Dear reader, it’s really happening. My cheese valise is packed, and I’m off like a gypsy to a new blog on Wordpress. On Monday, I hope you’ll join me for a tour. If I’ve seemed absent lately, that’s because I’ve been playing with font sizes, learning a smidge of html, and preparing the virtual finger food for our next rendez-vous.
It’s been almost three years since I began writing on Blogger, and it does feel a little bittersweet to take down the curtains. This site will remain in place as an archive while I start fresh on the new blog. I like clean sheets, clean slates.
I’ve learned an awful lot since all this started in 2009. I never imagined I’d be this deep into dairy and so far from fiction (my original love, my advanced degree), but I find that when doors mysteriously open it’s best to pop through them, even if the hallway beyond looks dark, strange.
Blogging has led to so many good things. A place to commune online. Cheesemonger friends. Adventures in the wild. Many of the people I meet in the artisan cheese world are escapees like me, people who left ordinary lives for a risk, a whim. Some buy goats, I guess I buy urls.
I don’t think of what I do here as a job, but it’s created work for me. Good work. Freelance opportunities. A chance to teach classes on cheese and on blogging. Even a book is afoot. Yes, yes, it’s been a lovely surprise.
Lately, I meet a lot of new bloggers and blog-upon-a-star wishers who ask advice. Here is a speck of insight in parting: don’t worry about generating traffic or revenue. Figure out what your purpose is first.
When I started as a blogger, I pictured this site as a pillowbook where I would record tasting notes for myself. Over time it grew into a small universe, like a second home – more than a chronicle of eats.
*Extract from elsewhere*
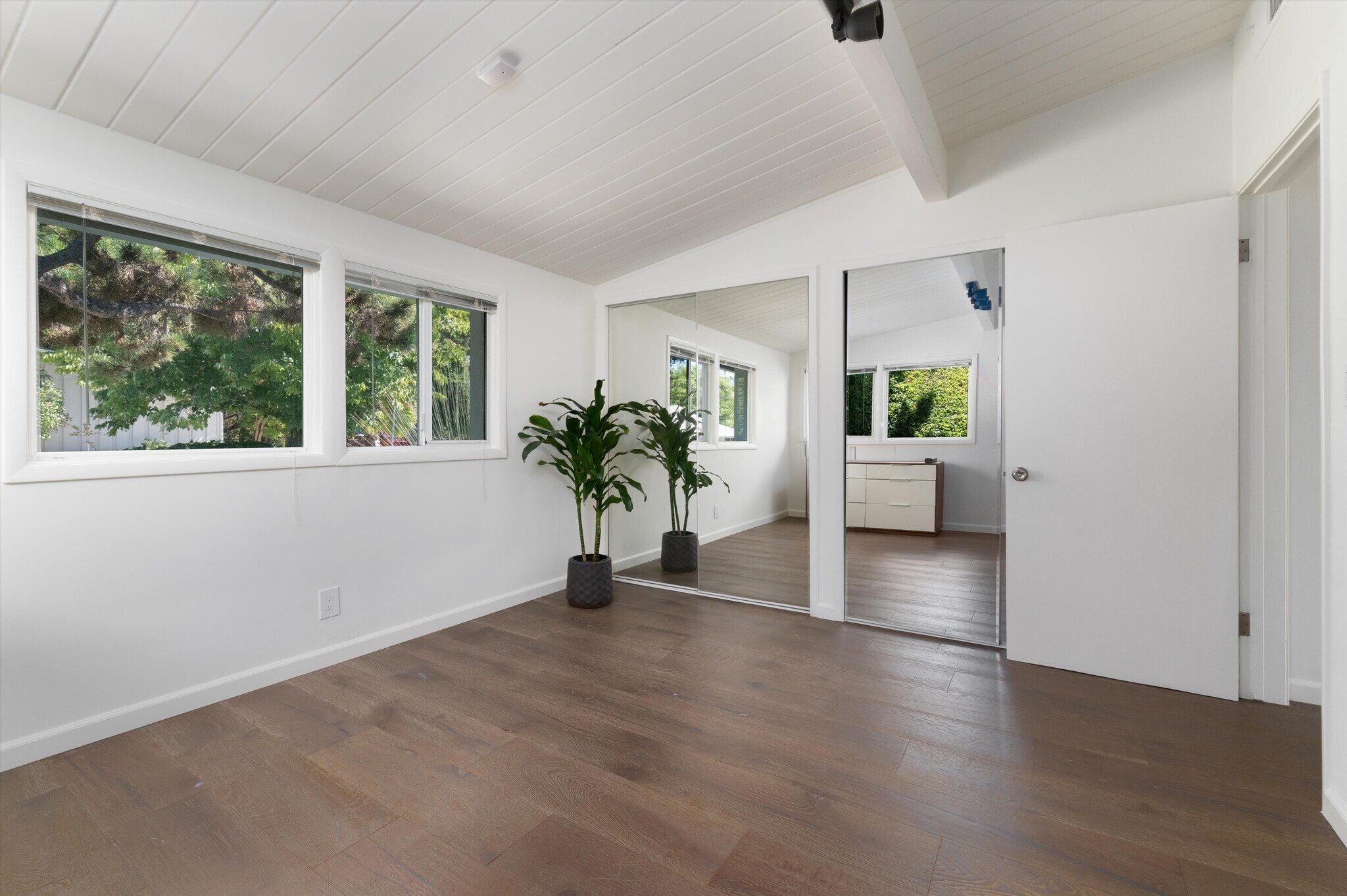 Building Photo - 15355 Stonewood Ter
A blog is an education. As you write, you discover. As you discover, you teach. As you teach, you meet other teachers. It’s like microbes gathering on a rind to break down a bloomy Brie. Mmm, yes, I’m hungry already.
For all these things, I am grateful to you. Yes, you out there in the ether. People say our culture is dying from lack of connection, and yet I feel more connected than ever. Merci beaucoup.